We have been trying to find some information regarding whether to move to Paphos or Protaras area, my parents are out on holiday at the moment and love Protaras. We would have to work so any info on the work situ in both areas would be great 

My parents are coming with us but they are retired.

Which area's are more all year round and with plenty of things going on.

Really dont know where to go West or East ?
We are going on holiday in october for 2 weeks to do some research and dont know which area to book ??

Any info would be great :clap2:


----------



## PeteandSylv (Sep 24, 2008)

When we were looking at areas we came out for 2 weeks staying a week in Protoras and the other in Paphos. I consider that you have to have first hand knowledge and sight of the areas in order to choose. There is no "which is the best?" answer as it depends on your own likes and dislikes.

In our case it became obvious when we saw the barren flat east of the island compared with the lush, hilly ruggedness of the west.

Pete


----------



## Kalimera (Oct 19, 2011)

Protaras also closes during winter so it might not be the best for work either.


----------



## Cleo Shahateet (Feb 23, 2009)

I agree with other two. We personally love the Paphos area. Just to add that I would visit both places in the fall/winter rather than the height of the tourist season.


----------



## Blondieashton (Apr 8, 2012)

Thank you for your replys.

I think thiking about it and hearing some places shut down in winter in the east we are going to stay in paphos.
My husband has seen a few jobs that would be suitable with his experience so will chat to people when we go out there in october.

Very excited about it


----------



## Cleo Shahateet (Feb 23, 2009)

October is my absolute favorite month! Great time to visit. The really quite/dead times are January/February. Some places even close in December but more so in Protaras than Paphos.


----------



## PeteandSylv (Sep 24, 2008)

Cleo Shahateet said:


> October is my absolute favorite month! Great time to visit. The really quite/dead times are January/February. Some places even close in December but more so in Protaras than Paphos.


Good advice. Can I also add that Paphos is not just the town but is also the name of the whole region. Do take the opportunity to travel out of the town to see more of this lovely area.
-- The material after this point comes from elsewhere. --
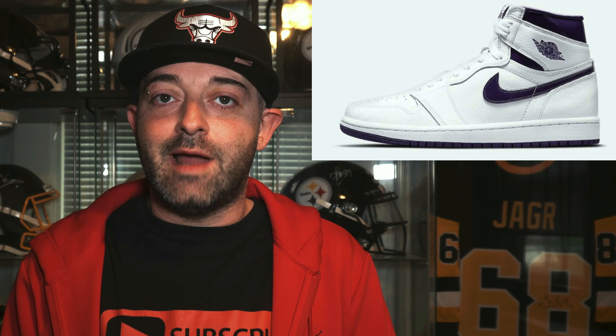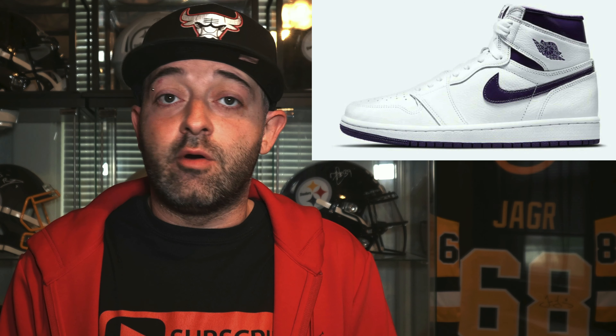Moving on to the next sneaker on our list releasing on June 3rd, we have the Air Jordan 1 High in the Court Purple colorway. The retail price tag for this sneaker is $170. Now this is a women's exclusive, and the Nike Sneakers app already gave out exclusive access, so there are pairs out on the street and on the resale market currently. Even though this is a women's exclusive, you can fully expect men and women to be going after this sneaker. Air Jordan 1 Highs never sit on shelves, so if you want to add this to your collection, you're going to have to enter some raffles. It releases on June 3rd, retail price tag $170.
Sylvi & I live half way up the island between Paphos and Polis where the humidity is lower but where we have easy access to the towns for shopping as well as the delightful Paphos forest for picnics. Our surrounding villages are much more in the flavour of traditional Cyprus than Peyia or Coral Bay and the countryside is fascinating to watch as it changes character through the seasons.
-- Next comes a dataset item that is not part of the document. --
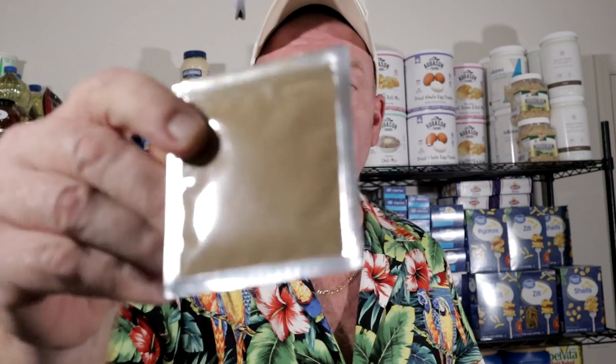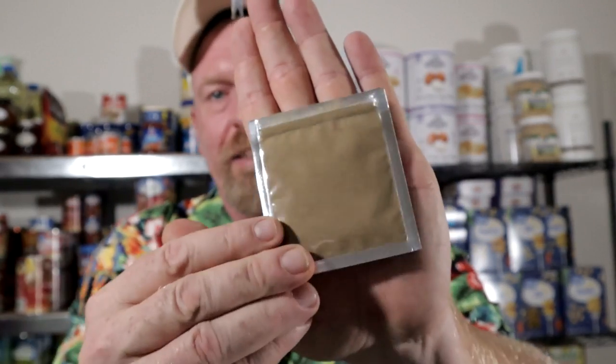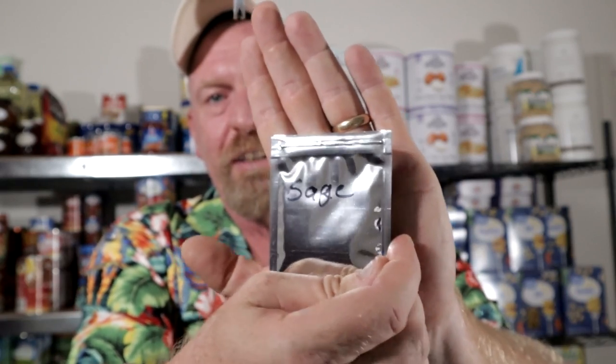What I did is I bought small mylar bags. I've got them all in a ziploc bag because they're easier to store this way. They're so small — here, let me give you a little idea of the size. These are little, dinky packs.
Not that there is anything wrong with Peyia or Coral Bay, we go there too, but I just wanted to point out another option.

Pete


----------



## Miss Daisy (Jan 24, 2011)

I live in Eastern Cyprus and love it here. I looked at Paphos but found it to be too built up for my tastes. It is true that Protaras does close down in the winter, but the Kapparis area does not and quite a few places are open in Ayia Napa. Of course, Paralimni doesn't close down either.

You may want to consider the red soil villages instead of Protaras, unless you have a strong desire to live in a tourist area. The villages are peaceful and picturesque. My village is Frenaros and it is only a 12 km drive to the sea.

Best of luck.


----------